Gone are the hopes of having a big fat QUIET female.
I have double the noise now. 

These guys don't seem to be growing as fast as they used to, they have stopped at about 2.5 inches.

So how big is your fully grown white's tree frog?(specifically male whites)

How long do they live for? I read they can live up to 20 years but I don't believe it. 

I wanna know how long i'm stuck with these pesky buggers for.


What's the longest anyones (or maybe someone you know of) whites tree frog has lived?


----------



## Mbar (Aug 12, 2007)

Mine are 2 years old and the growth rate has slowed.
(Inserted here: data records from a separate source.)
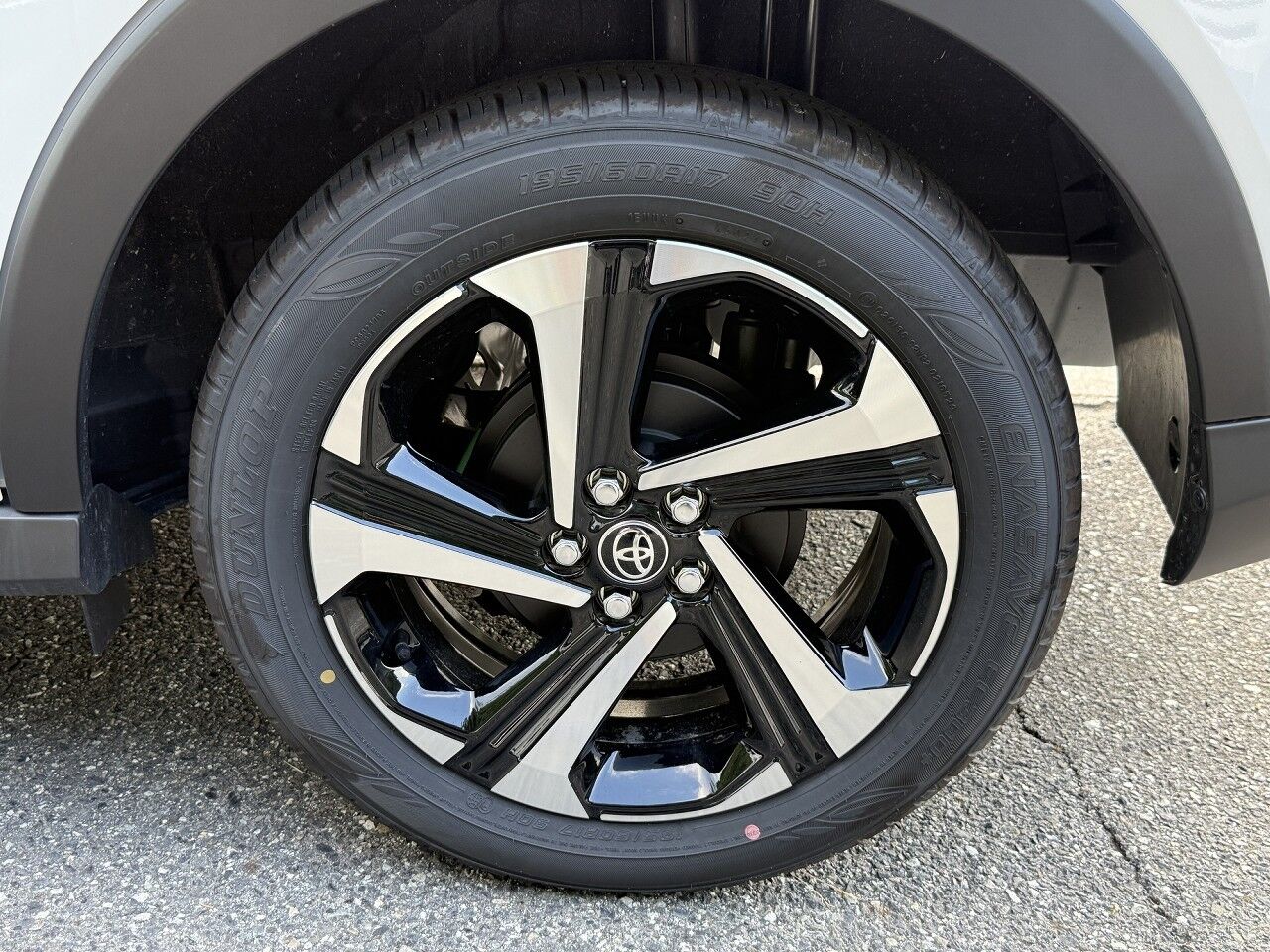 ライズ HYBRID Z 9インチディスプレイオーディオ シャイニング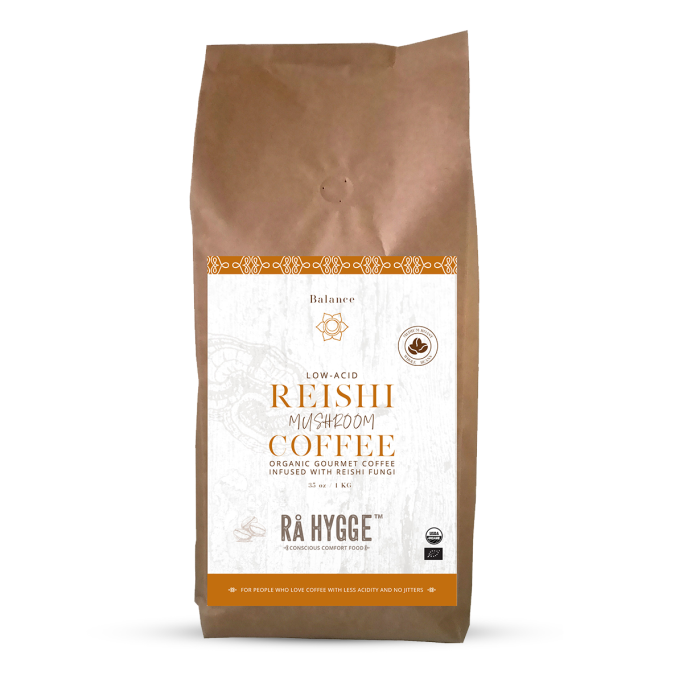 Sachet de café Moulu RA Khyde, étiquette blanche et dorée sur fond marron.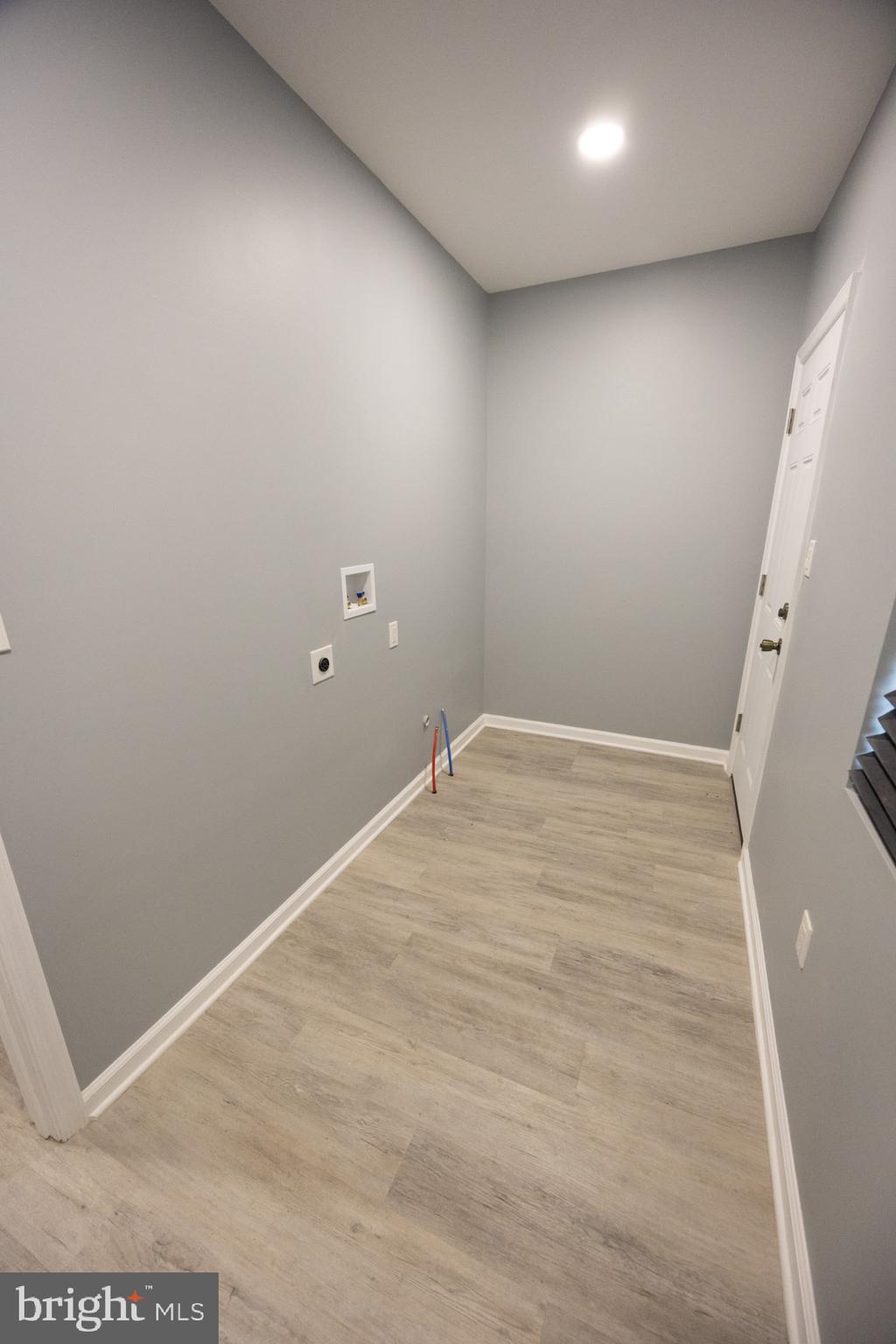 GERMANTOWN (EAST) - Residential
Cant check exactly at the moment as they are all too lively on these sultry evenings but I would guess the 2 males are about are a little over 2.5

Charlie and Wilf My June POTM entry









Ma. Chunkier and about 3/4 inch longer 









Lifespan as you say is reckoned to be up to 20 years so we are in it for the long haul 

Edit: underestimated sizes. Males around 3 inches female 3 3/4


----------



## jennlovesfrogs (Jan 22, 2009)

yep my male is about 3 inch max, the girls a little bigger and I have heard they can live up to around 20 yrs too!


----------



## DazHman (Mar 17, 2008)

I've had my two males for seven years now, they were over a year old when I bought them, so they're at least eight now.


----------



## Frogmad (Nov 10, 2008)

LOL Andaroo......out of my 5 we thought 4 were poss male and 1 def female, now I am 99% sure its the other way round so I have one poor male calling away to himself and the other 4 just sat there lol.
When I have space/time I will be expanding my whites collection but only when I have a huge viv for them!!!! (or 2 large vivs and set up 2 communities)
I too have heard they live up to 20 years, not sure on sizes as my lot are still growing yet


----------



## TheToad888 (Dec 18, 2008)

Mine are about 2-3 yrs old and 3 inches around about. Male a bit smaller.
I've got a sexed pair (male+female)  lucky me


----------